Input data section start
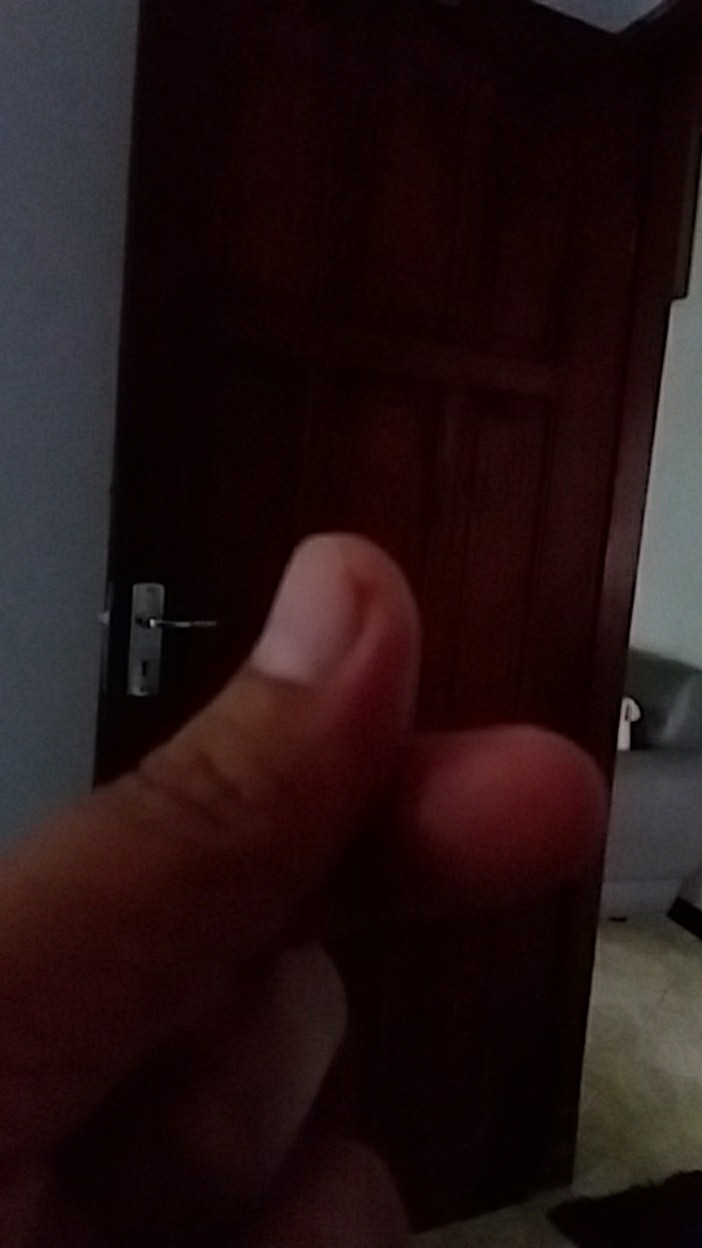 Bibit Markisa Manis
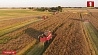 Белорусские аграрии завершили массовую уборочную зерновых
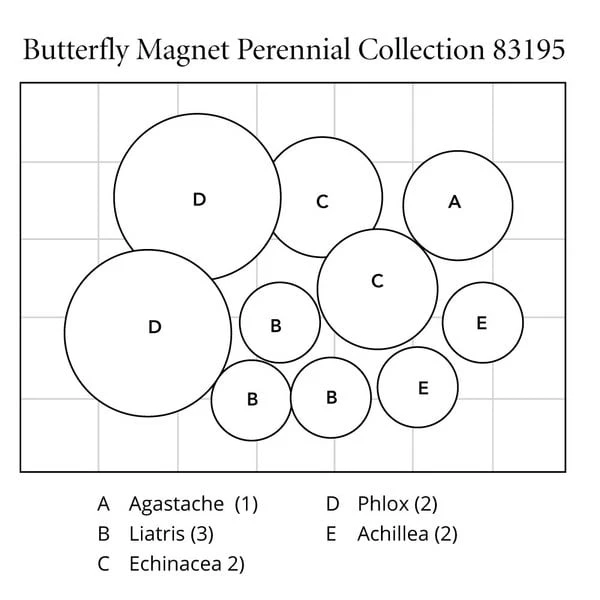 Butterfly Magnet Perennial Collection 7 Butterfly Magnet Perennial Collection - Image 7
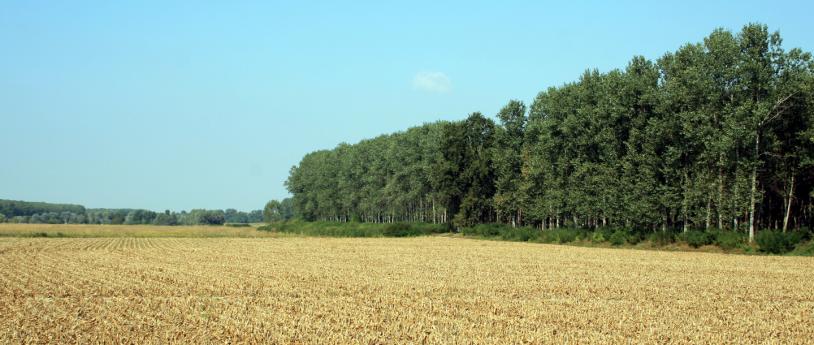 Nelle Terre tra Oglio e Po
Input data section end
== What to do ==
Drop the pictures, then write out only the lines running from the one containing "Butterfly Magnet Perennial Collection 7" through the last line above, both included, exactly.

== Result for this exercise ==
 Butterfly Magnet Perennial Collection 7 Butterfly Magnet Perennial Collection - Image 7
 Nelle Terre tra Oglio e Po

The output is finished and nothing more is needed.